Task goal. Go through the listing below and repeat it exactly, omitting each picture.

Available records.
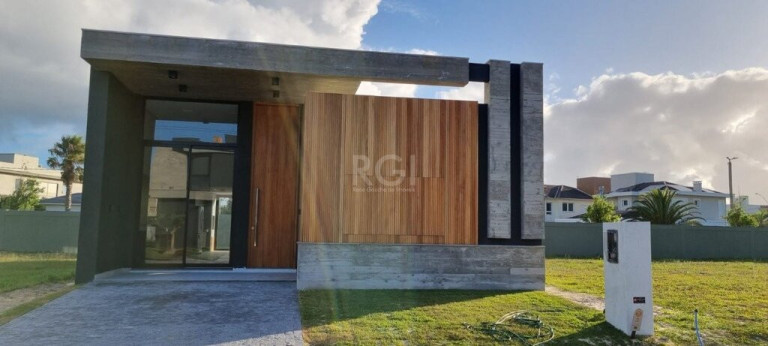 Imagem Casa de Condomínio com 4 Quartos à Venda, 150 m² em Centro - Xangri-lá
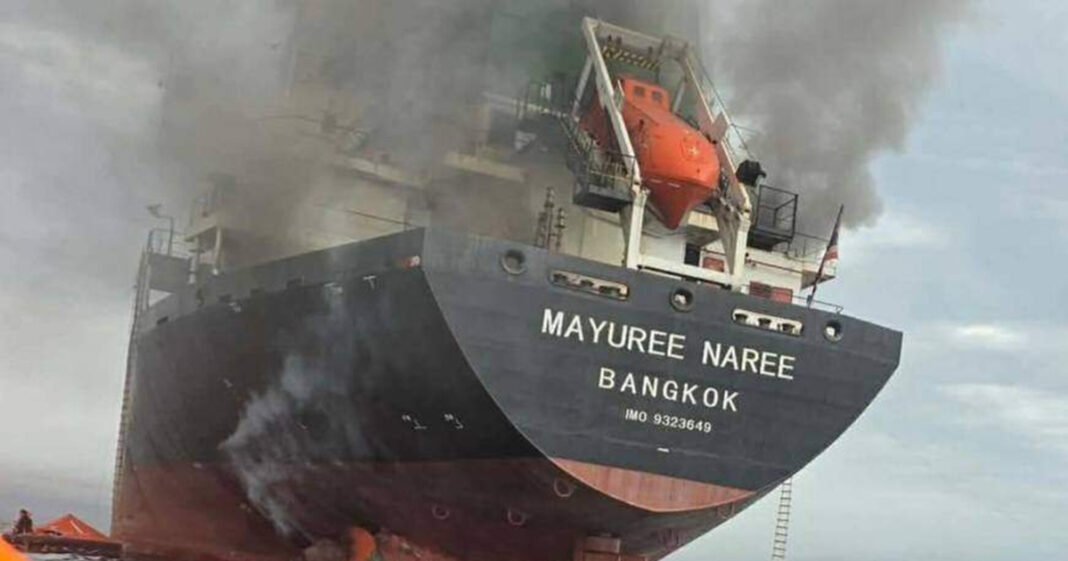 Oil Trades Near $100 as Iran Vows to Keep Hormuz Closed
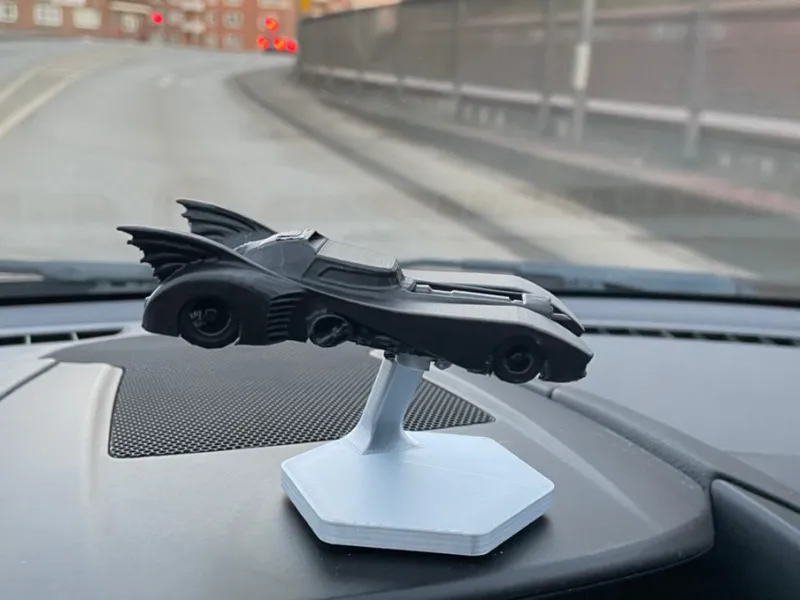 Dashboard Drifter – Drifting Batmobile Model
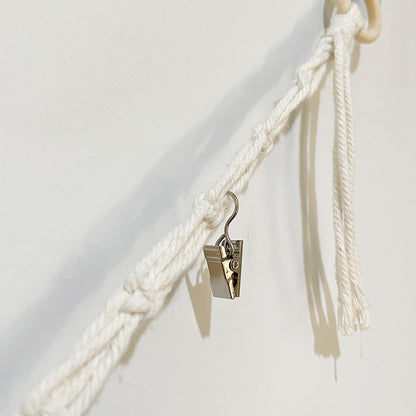 200CM Cotton Rope Hanger with 20 Clips for Photos Plush Toys-White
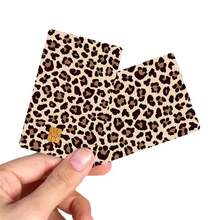 1 pieza Pegatina realista de tarjeta de crédito con estampado de leopardo, pegatina DIY de alta gama, mismo estilo que las blogueras de maquillaje, imprescindible para los amantes del estampado de leopardo, decora la tarjeta de transporte, la tarjeta universitaria, la tarjeta de crédito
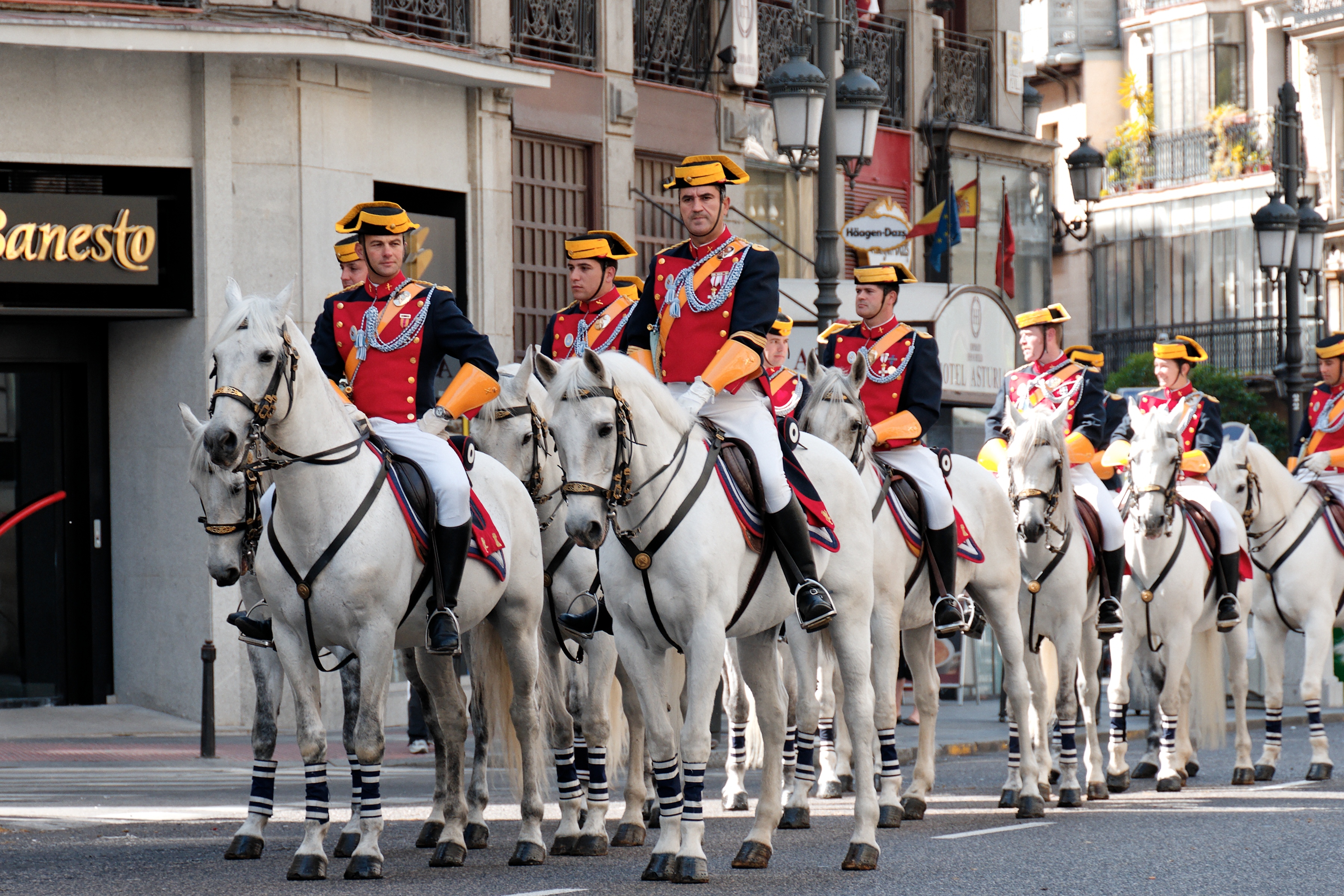 Guardia Civil a caballo Dos de Mayo 2008 n1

Task solution.
 Imagem Casa de Condomínio com 4 Quartos à Venda, 150 m² em Centro - Xangri-lá
 Oil Trades Near $100 as Iran Vows to Keep Hormuz Closed
 Dashboard Drifter – Drifting Batmobile Model
 200CM Cotton Rope Hanger with 20 Clips for Photos Plush Toys-White
 1 pieza Pegatina realista de tarjeta de crédito con estampado de leopardo, pegatina DIY de alta gama, mismo estilo que las blogueras de maquillaje, imprescindible para los amantes del estampado de leopardo, decora la tarjeta de transporte, la tarjeta universitaria, la tarjeta de crédito
 Guardia Civil a caballo Dos de Mayo 2008 n1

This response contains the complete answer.